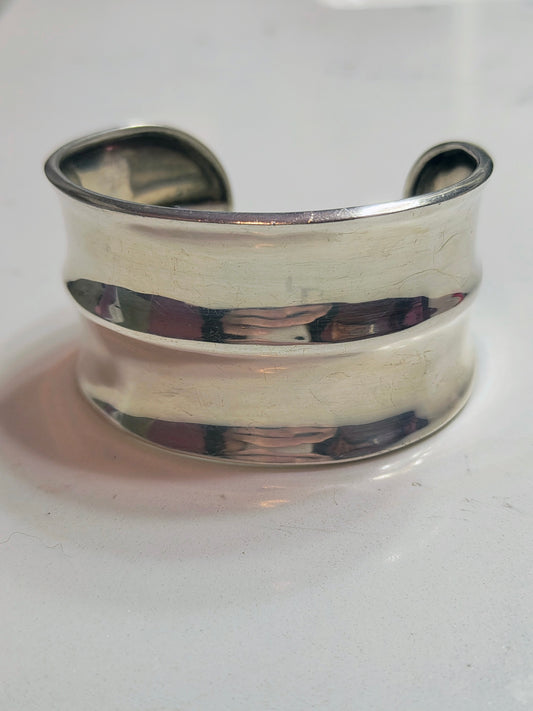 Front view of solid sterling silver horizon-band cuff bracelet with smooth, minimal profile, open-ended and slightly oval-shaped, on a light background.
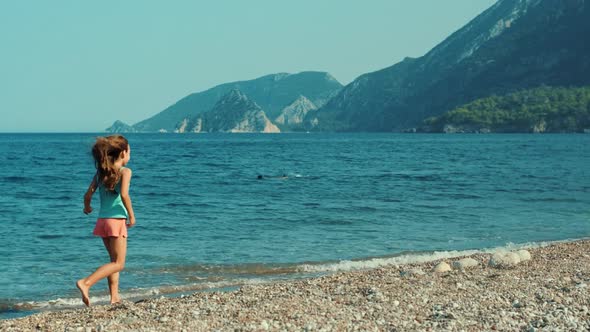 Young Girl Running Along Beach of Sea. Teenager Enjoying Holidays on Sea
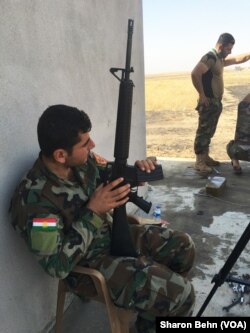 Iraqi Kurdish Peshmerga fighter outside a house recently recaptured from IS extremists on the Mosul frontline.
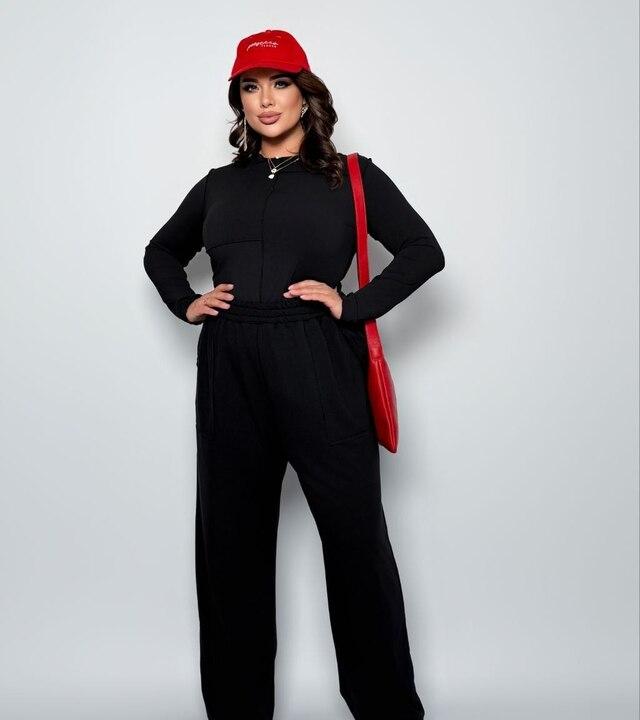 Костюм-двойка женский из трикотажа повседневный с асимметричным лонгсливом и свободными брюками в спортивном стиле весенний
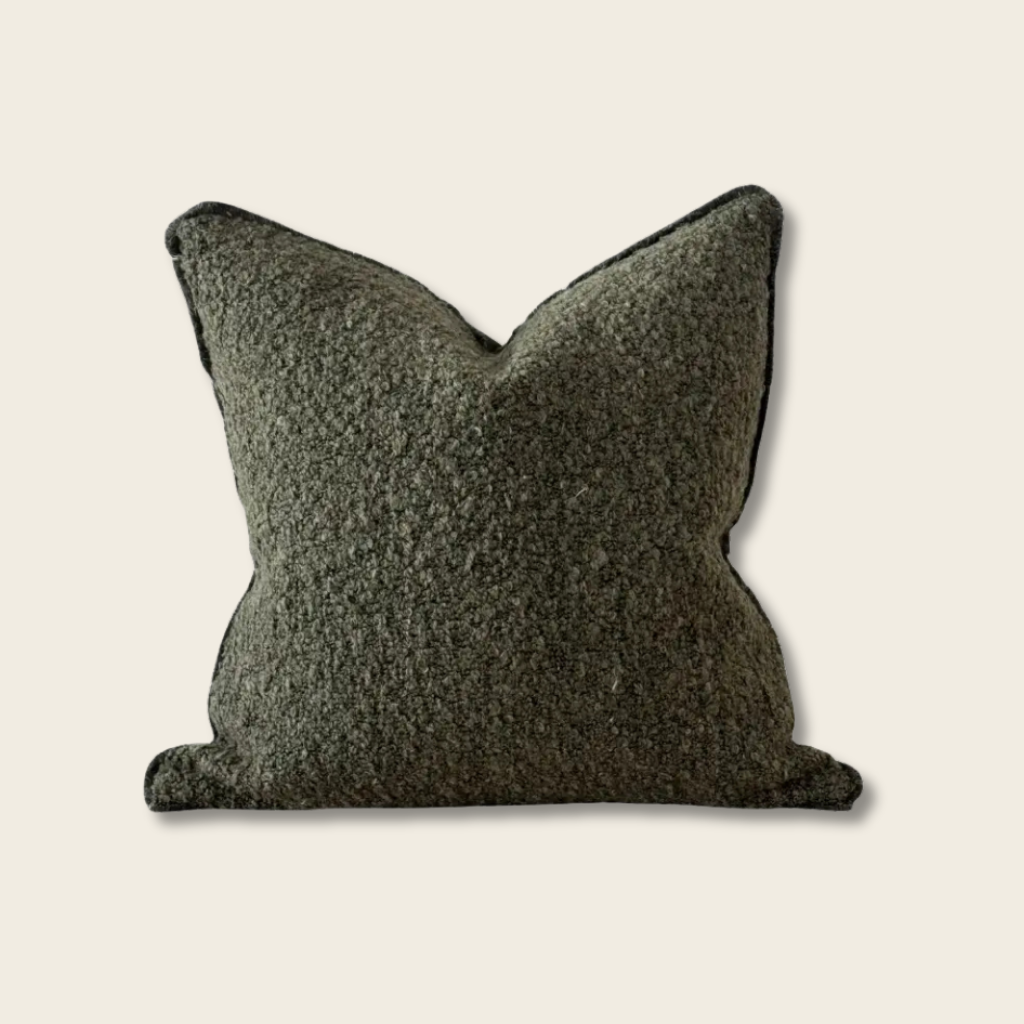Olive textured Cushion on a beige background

####

#### PROBLEM STATEMENT:
Copy the final portion of the records: every line from the one containing "Iraqi Kurdish Peshmerga" through the last, word for word, without pictures.

#### SOLUTION TO THE EXERCISE:
 Iraqi Kurdish Peshmerga fighter outside a house recently recaptured from IS extremists on the Mosul frontline.
 Костюм-двойка женский из трикотажа повседневный с асимметричным лонгсливом и свободными брюками в спортивном стиле весенний
Olive textured Cushion on a beige background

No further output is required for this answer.